_Task requirements_: Only one stretch of the listing below is wanted. Begin at the line that has "Idaho, ID, mapa", stop after the line that has "polyester chiffon fabric", and repeat every line in between exactly.

_The data_:
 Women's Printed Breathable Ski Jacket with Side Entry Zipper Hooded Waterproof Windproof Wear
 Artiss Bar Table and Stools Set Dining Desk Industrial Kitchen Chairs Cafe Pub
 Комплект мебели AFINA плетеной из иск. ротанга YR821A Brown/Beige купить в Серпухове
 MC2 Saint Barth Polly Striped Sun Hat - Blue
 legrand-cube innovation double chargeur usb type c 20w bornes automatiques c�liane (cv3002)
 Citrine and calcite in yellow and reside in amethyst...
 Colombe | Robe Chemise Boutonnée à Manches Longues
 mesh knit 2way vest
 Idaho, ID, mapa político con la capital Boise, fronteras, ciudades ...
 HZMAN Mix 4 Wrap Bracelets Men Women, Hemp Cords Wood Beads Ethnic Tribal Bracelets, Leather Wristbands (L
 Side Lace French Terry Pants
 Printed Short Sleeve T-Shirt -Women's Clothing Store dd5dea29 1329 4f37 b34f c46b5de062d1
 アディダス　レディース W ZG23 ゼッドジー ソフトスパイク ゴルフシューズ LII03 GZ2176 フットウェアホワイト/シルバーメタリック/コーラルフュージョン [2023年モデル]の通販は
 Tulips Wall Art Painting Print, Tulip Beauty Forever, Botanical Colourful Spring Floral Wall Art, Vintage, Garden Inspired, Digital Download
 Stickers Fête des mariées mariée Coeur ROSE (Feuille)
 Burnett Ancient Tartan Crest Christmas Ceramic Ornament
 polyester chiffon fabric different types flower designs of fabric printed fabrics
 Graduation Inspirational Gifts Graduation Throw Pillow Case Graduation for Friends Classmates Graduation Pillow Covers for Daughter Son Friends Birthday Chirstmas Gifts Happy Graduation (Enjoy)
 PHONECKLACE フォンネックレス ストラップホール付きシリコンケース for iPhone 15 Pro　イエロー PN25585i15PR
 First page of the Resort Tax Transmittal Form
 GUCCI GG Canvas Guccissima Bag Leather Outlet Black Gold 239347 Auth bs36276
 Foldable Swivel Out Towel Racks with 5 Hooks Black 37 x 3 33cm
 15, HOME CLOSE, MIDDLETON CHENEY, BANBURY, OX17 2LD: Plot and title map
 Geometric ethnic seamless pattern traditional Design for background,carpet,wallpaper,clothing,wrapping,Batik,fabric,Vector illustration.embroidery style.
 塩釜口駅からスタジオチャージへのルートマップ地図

_Problem solution_:
 Idaho, ID, mapa político con la capital Boise, fronteras, ciudades ...
 HZMAN Mix 4 Wrap Bracelets Men Women, Hemp Cords Wood Beads Ethnic Tribal Bracelets, Leather Wristbands (L
 Side Lace French Terry Pants
 Printed Short Sleeve T-Shirt -Women's Clothing Store dd5dea29 1329 4f37 b34f c46b5de062d1
 アディダス　レディース W ZG23 ゼッドジー ソフトスパイク ゴルフシューズ LII03 GZ2176 フットウェアホワイト/シルバーメタリック/コーラルフュージョン [2023年モデル]の通販は
 Tulips Wall Art Painting Print, Tulip Beauty Forever, Botanical Colourful Spring Floral Wall Art, Vintage, Garden Inspired, Digital Download
 Stickers Fête des mariées mariée Coeur ROSE (Feuille)
 Burnett Ancient Tartan Crest Christmas Ceramic Ornament
 polyester chiffon fabric different types flower designs of fabric printed fabrics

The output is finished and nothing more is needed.